We step into the elevator, which is sitting there, door open. It closes slow, and Nick turns to look at me.
“Gives us time for a bit of a chat, what, Charlie?”
I’d really like a picture to look at now, I think, pressing
Four
. Cranberries’d be nice.
“There is something I do wants to talk to ya about, Charlie, just between me and thee.”
We pass One.
“I been thinkin’ about what ya said, back the other night. About how ya didn’t have the key on ya. Remember that—how ya said you could get it?”
We pass Two.
“An’ that got me wonderin’ ’bout where that key could be to, Charlie. ’Cause if it weren’t on ya, it would have to be with yer stuff, right? Except it weren’t. Which I know ’cause I had a little look through yer pack, back to Clare’s. An’ it weren’t there.”

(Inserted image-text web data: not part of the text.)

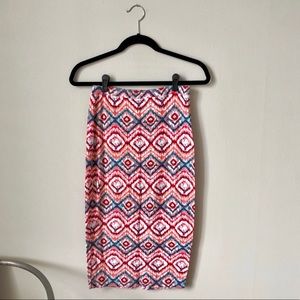 ♦️ MATTY M Ikat Stretchy Pencil Skirt ♦️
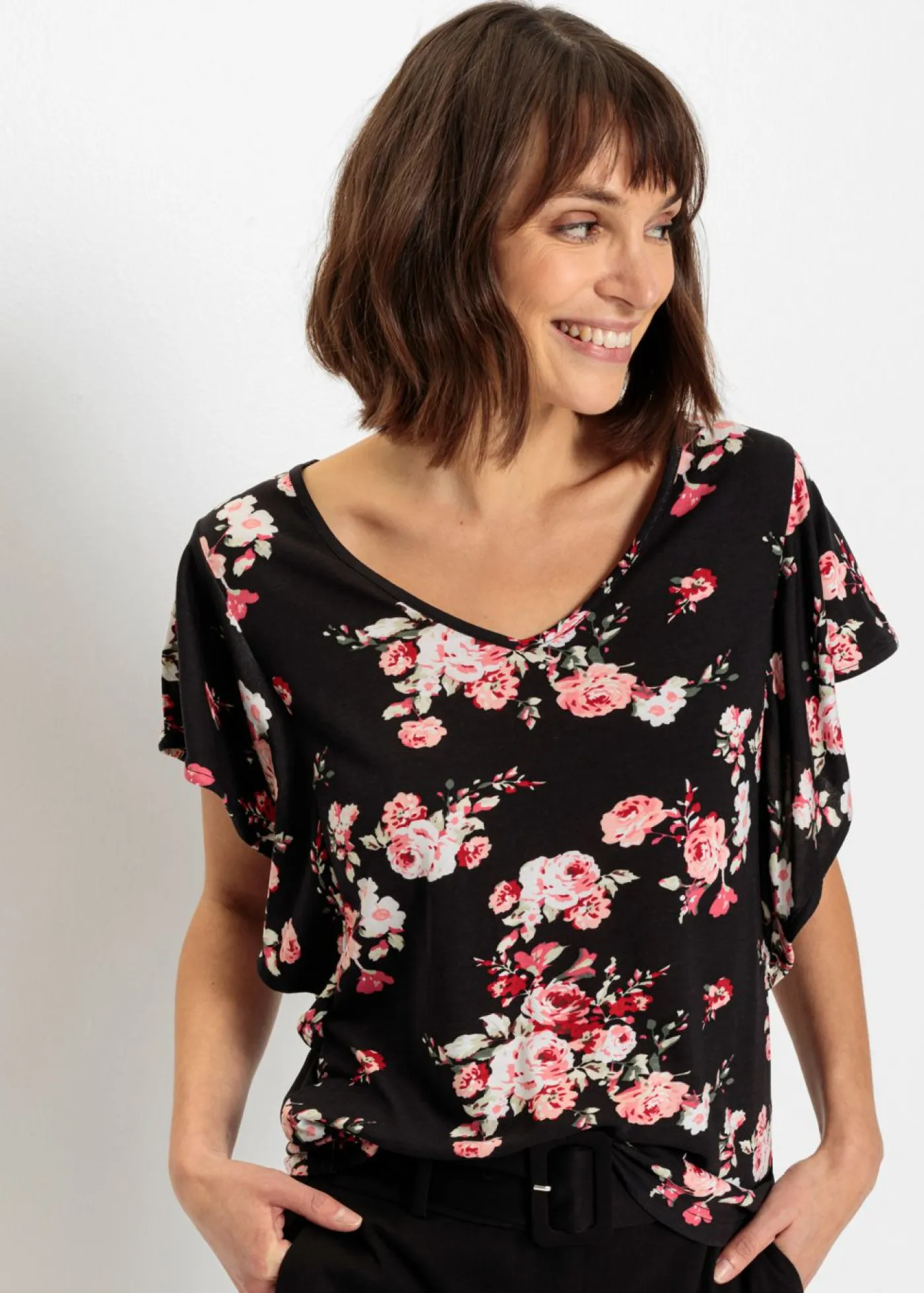Outlet Camiseta de viscosa Mujer Camisetas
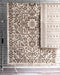 Beige Medallion Tassel Rug for Indoor and Outdoor Use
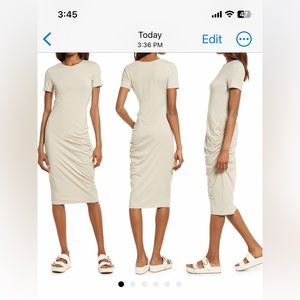 Treasure and Bond Oatmeal Body Con Dress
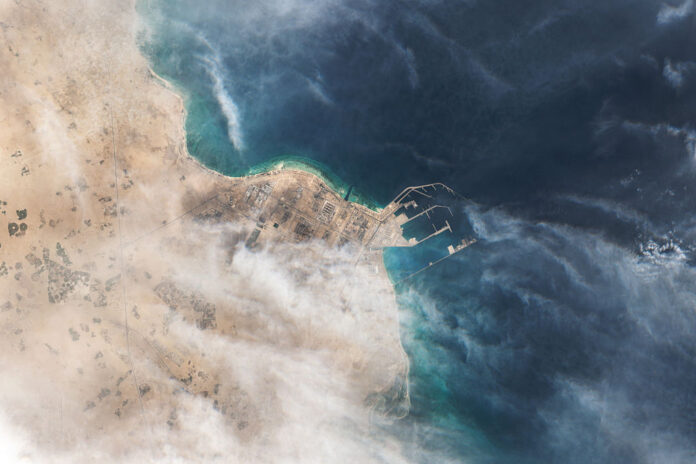 Satellite Imagery Of Ras Laffan Industrial City In Qatar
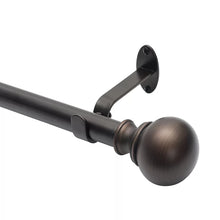 Load image into Gallery viewer, 28&quot;-48&quot; Antique Bronze Darion Adjustable Single Curtain Rod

We’re at Four when Nick moves to the panel and shoves his claw into the Door Closed button.
“Which I figure means ya had it on ya, back at the cliff.”
I don’t say anything.
“And I thinks to meself, if that was me, where would I put that key?”
He gives a chuckle. “Now, me havin’ spent a good few years inside, I knows of a place or two to stow something that you don’t know anything about. So ruling out those spots, I think, where would I put that?”
There’s a bang on the elevator door, then a voice, dull through the steel. “You all right in there?”